UK debt: it's worse than you think

With occasions like the pre-budget report, it's always worthwhile looking at some of the detail which don't get lots of publicity.

A lot of attention has been focused on the mammoth amount the Government is going to be borrowing next year, which is predicted to reach £118bn. The Conservatives have also been trumpeting the total amount of national debt, which is predicted to be over £1 trillion.

But that headline figure is somewhat misleading, as the total has actually increased every single year since the war. It's far more relevant to look at the figure for national debt compared to GDP.

Labour claims the reason it's able to borrow so much is because it reduced the national debt from the level it inherited from the Conservatives in 1997. Indeed it did - the level of national debt was 42.9% in 1997 and that dropped to 31.4% in 2002. But since then it has been creeping back up again - to 36.3% in 2007-08. It's estimated to be 41.2% this year.

And that's not good, because if you look at the full series of stats since 1975, the first year they were collected, the figure has tended to rise during times of economic downturn - as you would expect when the Government needs to borrow more - and fall during economic upturns.
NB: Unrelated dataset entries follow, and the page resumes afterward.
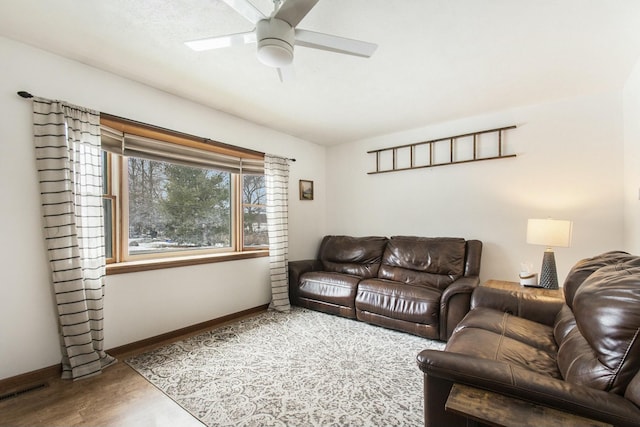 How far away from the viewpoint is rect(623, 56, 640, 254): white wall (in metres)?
2.32

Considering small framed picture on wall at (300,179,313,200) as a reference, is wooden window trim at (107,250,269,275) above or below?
below

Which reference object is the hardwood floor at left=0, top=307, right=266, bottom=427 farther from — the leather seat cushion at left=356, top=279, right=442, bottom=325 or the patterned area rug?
the leather seat cushion at left=356, top=279, right=442, bottom=325

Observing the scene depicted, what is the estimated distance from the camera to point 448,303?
9.00ft

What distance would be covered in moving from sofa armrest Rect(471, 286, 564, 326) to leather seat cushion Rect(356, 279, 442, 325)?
17.0 inches

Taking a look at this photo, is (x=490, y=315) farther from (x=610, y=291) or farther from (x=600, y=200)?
(x=600, y=200)

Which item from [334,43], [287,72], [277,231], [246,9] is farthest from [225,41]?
[277,231]

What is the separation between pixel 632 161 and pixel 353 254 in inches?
111

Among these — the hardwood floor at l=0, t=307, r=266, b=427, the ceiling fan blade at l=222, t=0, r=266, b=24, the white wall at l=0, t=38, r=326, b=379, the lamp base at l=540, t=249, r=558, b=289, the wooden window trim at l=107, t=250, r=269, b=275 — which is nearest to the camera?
the ceiling fan blade at l=222, t=0, r=266, b=24

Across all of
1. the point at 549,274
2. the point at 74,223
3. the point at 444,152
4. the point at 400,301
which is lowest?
the point at 400,301

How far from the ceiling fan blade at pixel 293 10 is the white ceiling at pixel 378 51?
0.29 meters

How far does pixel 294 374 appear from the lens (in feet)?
7.15

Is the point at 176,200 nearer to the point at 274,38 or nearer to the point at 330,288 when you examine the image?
the point at 330,288

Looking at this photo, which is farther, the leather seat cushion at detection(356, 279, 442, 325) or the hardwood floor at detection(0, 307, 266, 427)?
the leather seat cushion at detection(356, 279, 442, 325)

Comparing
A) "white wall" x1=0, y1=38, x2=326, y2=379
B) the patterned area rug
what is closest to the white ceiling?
"white wall" x1=0, y1=38, x2=326, y2=379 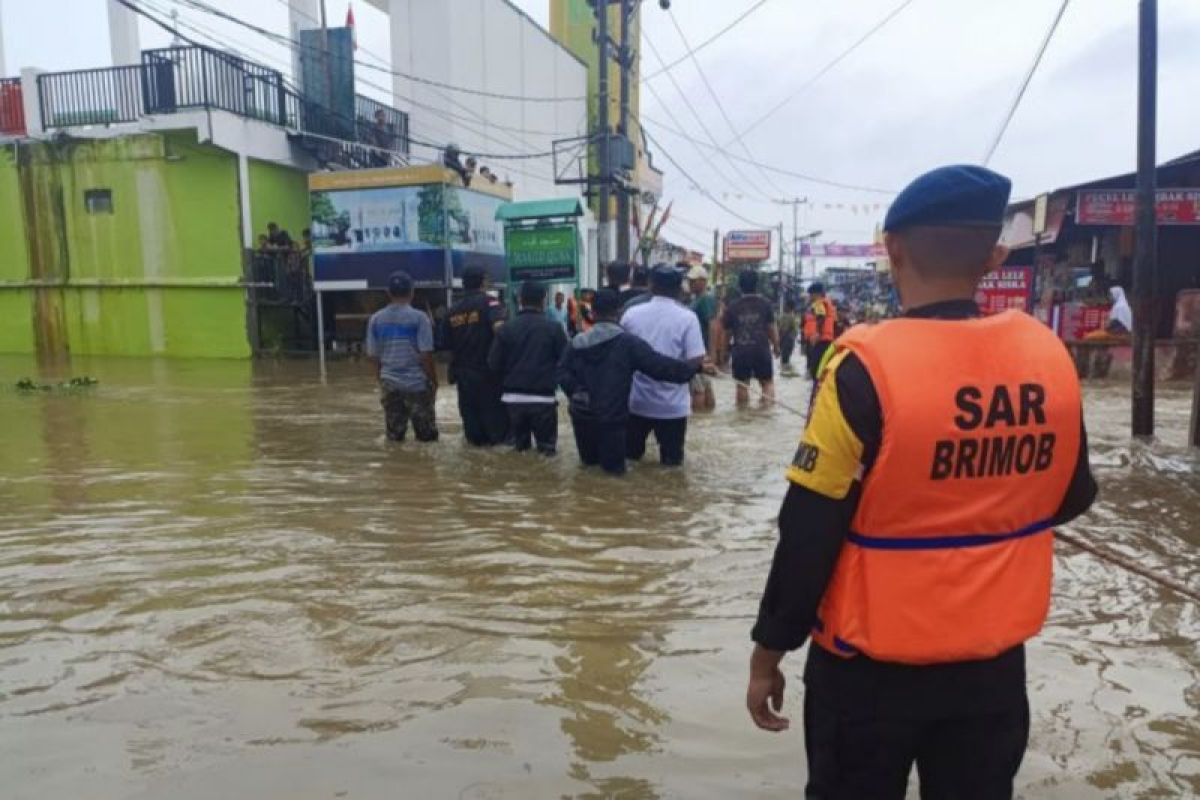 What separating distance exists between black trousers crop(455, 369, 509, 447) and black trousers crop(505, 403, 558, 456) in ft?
1.24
But under Labour over the last few years, it's actually been rising during an economic upturn. Labour is not nearly so well placed as it likes to pretend.
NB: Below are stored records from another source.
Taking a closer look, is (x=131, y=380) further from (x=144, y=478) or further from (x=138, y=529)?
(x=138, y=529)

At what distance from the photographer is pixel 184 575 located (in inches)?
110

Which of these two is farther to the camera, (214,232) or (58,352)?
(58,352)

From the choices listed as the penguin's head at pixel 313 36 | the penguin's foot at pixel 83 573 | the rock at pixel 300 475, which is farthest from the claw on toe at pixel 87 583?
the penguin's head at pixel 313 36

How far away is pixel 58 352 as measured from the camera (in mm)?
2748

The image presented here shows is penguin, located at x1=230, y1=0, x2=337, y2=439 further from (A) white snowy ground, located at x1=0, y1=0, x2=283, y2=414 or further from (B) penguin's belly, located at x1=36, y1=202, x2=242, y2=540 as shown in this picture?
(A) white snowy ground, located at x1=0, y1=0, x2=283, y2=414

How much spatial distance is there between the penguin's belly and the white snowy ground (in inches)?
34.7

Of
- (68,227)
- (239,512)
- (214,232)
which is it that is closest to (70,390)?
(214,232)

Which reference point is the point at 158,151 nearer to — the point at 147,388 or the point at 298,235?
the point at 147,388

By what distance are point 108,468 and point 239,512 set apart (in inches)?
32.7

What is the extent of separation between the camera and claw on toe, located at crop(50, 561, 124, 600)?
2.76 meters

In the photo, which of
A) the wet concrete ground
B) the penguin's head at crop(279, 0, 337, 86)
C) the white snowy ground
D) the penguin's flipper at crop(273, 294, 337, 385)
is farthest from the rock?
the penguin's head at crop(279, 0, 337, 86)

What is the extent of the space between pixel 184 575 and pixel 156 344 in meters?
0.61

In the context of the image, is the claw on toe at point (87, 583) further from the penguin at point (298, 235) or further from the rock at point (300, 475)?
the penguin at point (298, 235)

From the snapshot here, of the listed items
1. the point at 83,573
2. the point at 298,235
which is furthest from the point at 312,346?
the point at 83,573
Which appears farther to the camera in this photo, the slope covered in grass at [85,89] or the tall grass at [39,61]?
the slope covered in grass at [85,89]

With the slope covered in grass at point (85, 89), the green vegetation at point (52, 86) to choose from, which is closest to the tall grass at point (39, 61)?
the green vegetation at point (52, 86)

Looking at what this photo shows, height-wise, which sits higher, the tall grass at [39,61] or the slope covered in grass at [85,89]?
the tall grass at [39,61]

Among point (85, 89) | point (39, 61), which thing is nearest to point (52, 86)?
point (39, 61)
And things get worse if you look at where we're heading. The national debt is predicted to rise to a whopping 57.4% in 2013-14 (table 2.2) - significantly higher than the previous record figure of 53.8% in 1976, a year when the UK had to arrange a loan from the IMF to cope with its wretched public finances.

All this assumes that the recession is relatively short, and that this fiscal package works in stimulating the economy. But if the VAT cuts don't work, as I believe they won't due to the massive levels of private debt, then things will be a whole lot worse.
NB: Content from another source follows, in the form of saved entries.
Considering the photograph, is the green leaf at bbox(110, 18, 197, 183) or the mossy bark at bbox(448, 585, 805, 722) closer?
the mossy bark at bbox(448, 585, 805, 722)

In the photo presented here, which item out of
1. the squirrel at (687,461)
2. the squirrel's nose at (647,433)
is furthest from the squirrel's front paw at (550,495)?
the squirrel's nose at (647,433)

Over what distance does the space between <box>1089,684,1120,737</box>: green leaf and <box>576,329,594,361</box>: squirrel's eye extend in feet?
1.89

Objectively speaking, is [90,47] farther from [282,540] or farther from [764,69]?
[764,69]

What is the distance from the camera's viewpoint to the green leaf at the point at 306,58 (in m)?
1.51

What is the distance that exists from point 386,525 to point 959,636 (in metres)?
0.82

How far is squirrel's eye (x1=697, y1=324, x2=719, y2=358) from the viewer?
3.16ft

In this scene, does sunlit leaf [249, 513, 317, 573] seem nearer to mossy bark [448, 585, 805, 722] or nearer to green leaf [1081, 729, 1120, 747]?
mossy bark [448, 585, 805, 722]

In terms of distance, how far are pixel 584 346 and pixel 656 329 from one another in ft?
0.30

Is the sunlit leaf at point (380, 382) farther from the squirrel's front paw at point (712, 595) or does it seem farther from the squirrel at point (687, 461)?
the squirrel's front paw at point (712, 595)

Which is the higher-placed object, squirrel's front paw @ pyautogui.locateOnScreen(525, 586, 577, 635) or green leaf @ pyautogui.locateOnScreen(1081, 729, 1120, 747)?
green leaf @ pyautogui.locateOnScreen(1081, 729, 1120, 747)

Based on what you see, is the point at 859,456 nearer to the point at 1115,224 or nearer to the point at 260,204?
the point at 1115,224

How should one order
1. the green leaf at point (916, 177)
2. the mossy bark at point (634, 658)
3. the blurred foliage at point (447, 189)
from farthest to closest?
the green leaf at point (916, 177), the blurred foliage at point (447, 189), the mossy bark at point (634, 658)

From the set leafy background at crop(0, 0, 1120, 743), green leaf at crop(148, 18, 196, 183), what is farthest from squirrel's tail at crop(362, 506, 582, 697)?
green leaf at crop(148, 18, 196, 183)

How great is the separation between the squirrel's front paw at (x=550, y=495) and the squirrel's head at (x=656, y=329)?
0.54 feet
If the Government's forecasts are, as usual, unduly optimistic, then taxes are going to rise by much more than it expects or spending is going to have to be significantly curtailed. But somehow or other, more than one pound in every two of everything we produce in this country is going to have to be spent on servicing our sky-high levels of debt. And that's not good.


Stephen B said...

It also suggests that, unless the criteria are changed, this mess would rule out entry to the Euro for an awfully long time.

And before I get accused of thinking that's a good thing, let me say I would much rather have the debate about whether it was appropriate to enter the Euro in the context of a sound economy than the looming basket-case Gordon has bequeathed us.

Politically, what do you think this crisis leaves us? I suspect that the next election might be a good one for any party to lose and also think that we might be heading into Hung Parliament territory again.

Bernard Salmon said...

I think politically Brown for some bizarre reason has benefited from the current crisis, but I'm not sure it'll be enough to save him, especially if this stimulus package doesn't work. However, I think it's unlikely to be the sort of Tory landslide which seemed possible after Crewe and Nantwich, for instance.
But I agree that it might well be a good election to lose.

Stephen B said...

Just to follow up on your point about the high % of national debt - Market Oracle is suggesting that

"Even if one used the governments preferred measure of recording public sector net debt that excludes all of the bailouts and nationalisations to date, this still shows that UK government debt will rise to 54% of GDP by the end of 2009 and bust through 60% of GDP by the end of 2010.

However taking account of the bailouts and nationalisations government debt by the end of this year will sit at 81% of GDP, rising to 126% of GDP by the end of 2009, onward and upwards to 148% of GDP by the end of 2010.